Using site-scrapers to build sample datasets & visualizations
Over the weekend, while rebuilding a site for my wife, I found myself in need of a site-scraper. Site-scrapers are tools that will extract structured content from web sites or apps; there are many free ones and vary widely in complexity (command-line tools with no UI) to simpler ones. Her old website was built with Expression Engine 1 years ago, the admin CP was broken, and I didn’t want to try to make sense of the messy database or other export tools — data rot at its finest.
I stumbled upon a pretty decent free one from import.io — you can read a review here. They have a nice set of freemium tools, and let me do a quick scan of her blog archives.

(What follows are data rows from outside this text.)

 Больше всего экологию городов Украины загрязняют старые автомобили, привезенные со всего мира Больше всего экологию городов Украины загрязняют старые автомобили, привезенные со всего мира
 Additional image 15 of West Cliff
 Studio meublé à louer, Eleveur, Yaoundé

There’s a lot to it, and I think they’ve done a great job of creating tools and a user experience that lets non-technical people extract clean, structured data. Here’s a look at my first try, after I “trained” it by clicking on the entries in the old blog’s archive list:
Once you’ve built your dataset, you can instantly use it in a variety of ways, including GET/POST, import into Google Sheets, and even an API as JSON:
Unfortunately for me, I wasn’t able to get the tool to “dig” a level deeper and extract content using their Crawler tool; there was some issue with my server that wouldn’t let it probe it. As I was in a rush, and there was only like 20 entries, I fell back on my half-automated process for converting web content to Markdown files in NVAlt.

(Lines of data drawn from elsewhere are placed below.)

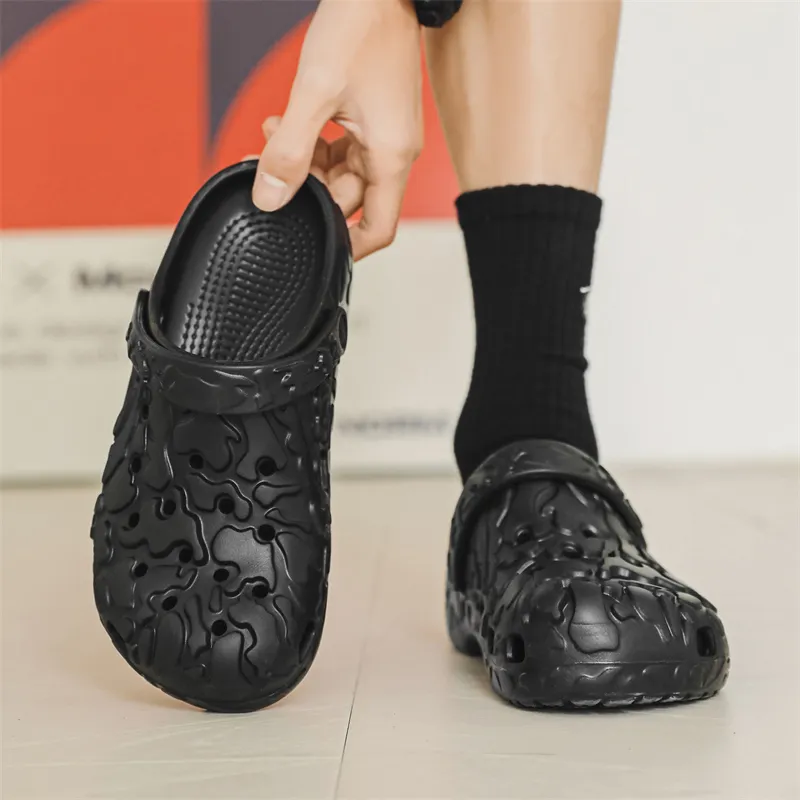 Budding Bear Clogs Men-3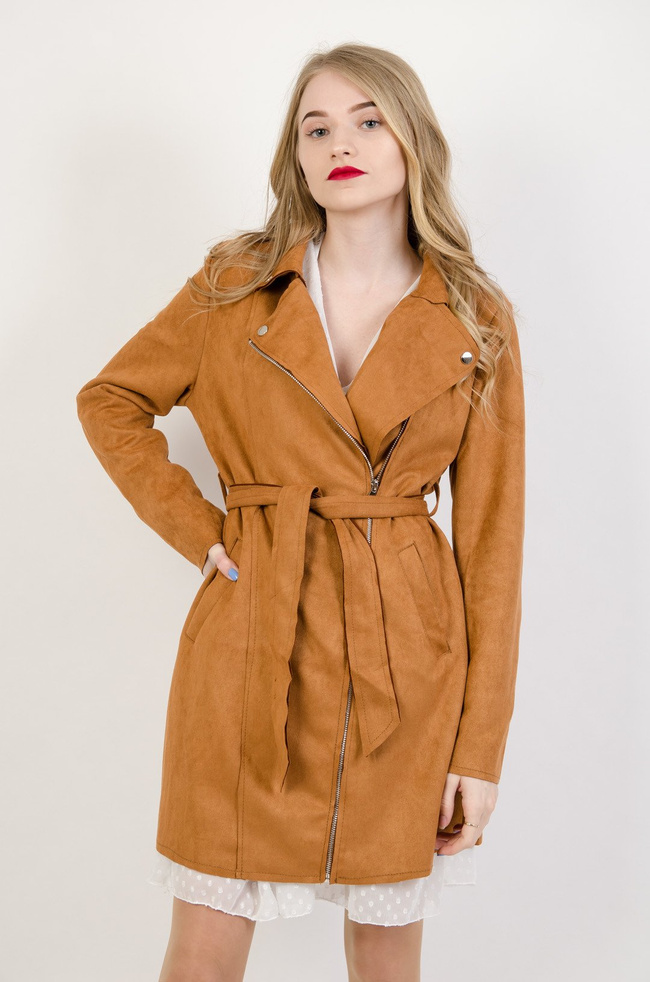 Brązowy zamszowy płaszcz z paskiem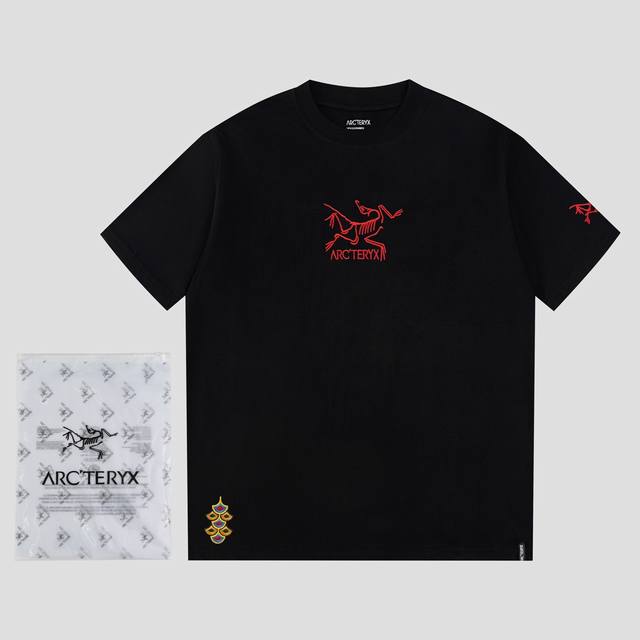 始祖鸟Ayc Teryx F736-1 Fw短袖T恤 立体剪裁 胸前Logo为刻字膜 下摆刺绣龙年标志 小鸟字母Logo刺绣 高端32S双纱280克面料 重磅面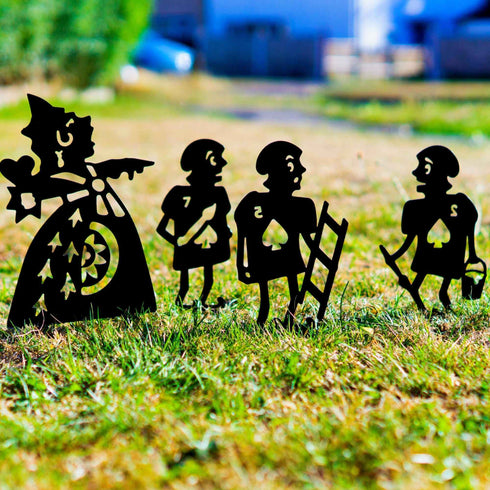 The Queen of Hearts Garden Ornament Alice in Wonderland Themed Party Decoration Gift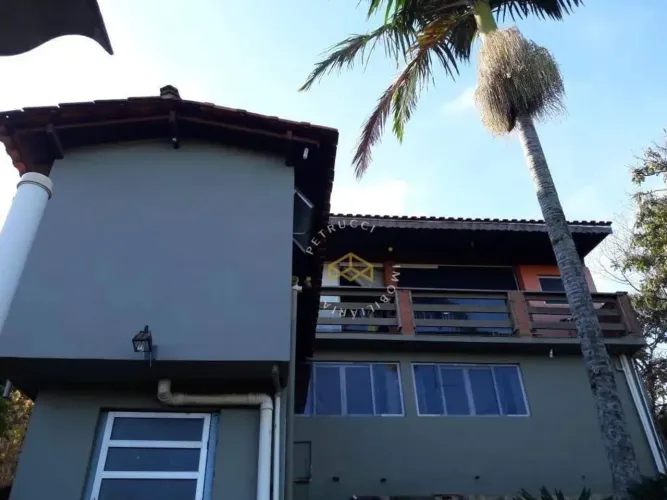 CHÁCARA À VENDA COM 4 VAGAS 1442M² NO VALE VERDE - SP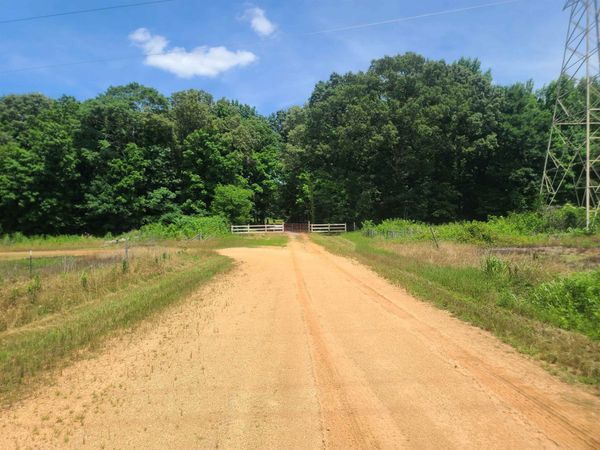 3432 Gnat Pond Rd, Muscle Shoals, AL 35661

Import.io has a nice UI for helping you understand the kind of data source you’re trying to scrape — a list of things, or a single page like a product page. It has the concept of “training” to build a tool that is customized for a given site or source.
“Behind the Beats”
One neat example from the Import.io blog is Behind the Beats, a nice visualization of “music samples used by beats producers through the years”. They used whosampled.com, Import.io to generate the datasets, Excel, RAW, Gephi, and Adobe Illustrator to create the visualizations:
I’m always fascinated by “bridge” tools: tools that connect things to other things. Other examples include Zapier, Gerty, Slack, and [the now-defunct] Yahoo Pipes. They help break down walls between the isolated islands of the vast archipelago of cloud tools and sites out there — and help us understand and make use of it in new ways.